» **What is needed**
Give the lines below again exactly, starting with the line that holds "Седан ВАЗ / Lada 2107 1995 в Корсуне-Шевченковском фото" and going on through the line that holds "Melegoni - 65 - Common".

Items listed in a dataset:
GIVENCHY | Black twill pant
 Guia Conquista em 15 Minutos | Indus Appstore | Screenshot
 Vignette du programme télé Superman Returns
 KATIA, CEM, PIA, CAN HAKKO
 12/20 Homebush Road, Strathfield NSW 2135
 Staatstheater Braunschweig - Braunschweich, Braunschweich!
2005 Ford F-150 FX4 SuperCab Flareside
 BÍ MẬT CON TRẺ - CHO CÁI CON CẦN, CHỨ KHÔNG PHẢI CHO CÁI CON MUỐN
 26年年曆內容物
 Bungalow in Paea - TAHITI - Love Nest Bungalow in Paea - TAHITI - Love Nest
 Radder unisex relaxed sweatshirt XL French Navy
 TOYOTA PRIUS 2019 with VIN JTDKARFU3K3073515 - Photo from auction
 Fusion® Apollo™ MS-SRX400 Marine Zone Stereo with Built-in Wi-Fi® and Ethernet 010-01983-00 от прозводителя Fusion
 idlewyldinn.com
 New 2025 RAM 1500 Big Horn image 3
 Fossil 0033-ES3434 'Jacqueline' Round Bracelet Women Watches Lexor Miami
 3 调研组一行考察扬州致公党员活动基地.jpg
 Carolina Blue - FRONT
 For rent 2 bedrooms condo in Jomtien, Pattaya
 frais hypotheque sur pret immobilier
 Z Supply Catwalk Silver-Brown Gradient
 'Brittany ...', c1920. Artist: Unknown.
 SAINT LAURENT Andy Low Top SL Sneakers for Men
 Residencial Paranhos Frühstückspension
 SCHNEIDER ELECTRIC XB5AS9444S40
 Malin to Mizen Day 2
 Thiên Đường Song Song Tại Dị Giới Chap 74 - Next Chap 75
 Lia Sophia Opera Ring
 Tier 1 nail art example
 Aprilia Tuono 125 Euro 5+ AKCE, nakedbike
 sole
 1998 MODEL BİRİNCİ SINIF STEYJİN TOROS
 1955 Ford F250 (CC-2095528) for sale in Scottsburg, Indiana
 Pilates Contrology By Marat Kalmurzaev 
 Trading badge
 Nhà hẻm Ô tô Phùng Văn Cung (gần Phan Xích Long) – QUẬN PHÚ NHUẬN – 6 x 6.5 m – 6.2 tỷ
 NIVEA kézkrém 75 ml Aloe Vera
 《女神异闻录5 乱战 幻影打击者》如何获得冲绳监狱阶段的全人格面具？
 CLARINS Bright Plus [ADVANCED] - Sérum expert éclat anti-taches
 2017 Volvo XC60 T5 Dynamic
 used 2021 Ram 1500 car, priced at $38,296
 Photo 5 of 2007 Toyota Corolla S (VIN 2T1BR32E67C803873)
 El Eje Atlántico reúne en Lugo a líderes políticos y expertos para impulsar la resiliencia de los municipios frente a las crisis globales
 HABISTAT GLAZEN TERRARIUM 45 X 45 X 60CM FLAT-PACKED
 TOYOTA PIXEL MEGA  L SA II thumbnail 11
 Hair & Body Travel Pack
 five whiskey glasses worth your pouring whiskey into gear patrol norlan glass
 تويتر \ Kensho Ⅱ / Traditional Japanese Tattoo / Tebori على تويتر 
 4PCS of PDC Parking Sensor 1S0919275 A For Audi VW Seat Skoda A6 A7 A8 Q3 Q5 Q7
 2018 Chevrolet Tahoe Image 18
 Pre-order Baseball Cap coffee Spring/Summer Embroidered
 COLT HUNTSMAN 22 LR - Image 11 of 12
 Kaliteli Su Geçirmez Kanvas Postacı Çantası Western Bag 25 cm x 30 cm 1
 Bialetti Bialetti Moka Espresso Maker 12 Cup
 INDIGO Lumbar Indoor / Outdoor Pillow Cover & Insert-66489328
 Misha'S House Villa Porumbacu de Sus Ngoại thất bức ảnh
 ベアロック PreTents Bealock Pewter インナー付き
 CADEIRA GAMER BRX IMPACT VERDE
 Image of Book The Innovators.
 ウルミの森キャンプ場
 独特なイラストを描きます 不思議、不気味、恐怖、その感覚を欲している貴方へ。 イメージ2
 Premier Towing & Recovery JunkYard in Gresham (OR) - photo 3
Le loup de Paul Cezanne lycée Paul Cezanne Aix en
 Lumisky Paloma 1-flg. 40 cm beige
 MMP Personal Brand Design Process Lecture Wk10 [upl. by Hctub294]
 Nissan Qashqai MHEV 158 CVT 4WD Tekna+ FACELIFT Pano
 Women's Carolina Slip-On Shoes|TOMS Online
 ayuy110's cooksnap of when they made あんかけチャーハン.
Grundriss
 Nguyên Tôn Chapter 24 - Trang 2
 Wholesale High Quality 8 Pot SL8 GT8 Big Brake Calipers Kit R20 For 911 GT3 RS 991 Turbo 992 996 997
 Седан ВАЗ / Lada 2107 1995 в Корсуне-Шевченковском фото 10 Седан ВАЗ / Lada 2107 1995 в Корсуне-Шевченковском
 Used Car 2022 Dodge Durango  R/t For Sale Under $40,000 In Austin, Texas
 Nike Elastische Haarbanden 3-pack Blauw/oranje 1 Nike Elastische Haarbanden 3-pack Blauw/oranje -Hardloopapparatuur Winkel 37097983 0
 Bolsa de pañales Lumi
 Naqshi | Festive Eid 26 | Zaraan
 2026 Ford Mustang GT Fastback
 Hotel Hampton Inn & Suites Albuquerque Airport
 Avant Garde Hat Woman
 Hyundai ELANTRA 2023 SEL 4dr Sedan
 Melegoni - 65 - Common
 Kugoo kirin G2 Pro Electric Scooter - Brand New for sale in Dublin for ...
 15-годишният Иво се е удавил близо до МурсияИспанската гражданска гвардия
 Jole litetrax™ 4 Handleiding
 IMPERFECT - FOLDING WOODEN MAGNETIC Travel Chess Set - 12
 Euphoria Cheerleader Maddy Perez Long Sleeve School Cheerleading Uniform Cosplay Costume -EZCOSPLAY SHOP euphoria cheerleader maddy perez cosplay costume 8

» **Exercise response**
 Седан ВАЗ / Lada 2107 1995 в Корсуне-Шевченковском фото 10 Седан ВАЗ / Lada 2107 1995 в Корсуне-Шевченковском
 Used Car 2022 Dodge Durango  R/t For Sale Under $40,000 In Austin, Texas
 Nike Elastische Haarbanden 3-pack Blauw/oranje 1 Nike Elastische Haarbanden 3-pack Blauw/oranje -Hardloopapparatuur Winkel 37097983 0
 Bolsa de pañales Lumi
 Naqshi | Festive Eid 26 | Zaraan
 2026 Ford Mustang GT Fastback
 Hotel Hampton Inn & Suites Albuquerque Airport
 Avant Garde Hat Woman
 Hyundai ELANTRA 2023 SEL 4dr Sedan
 Melegoni - 65 - Common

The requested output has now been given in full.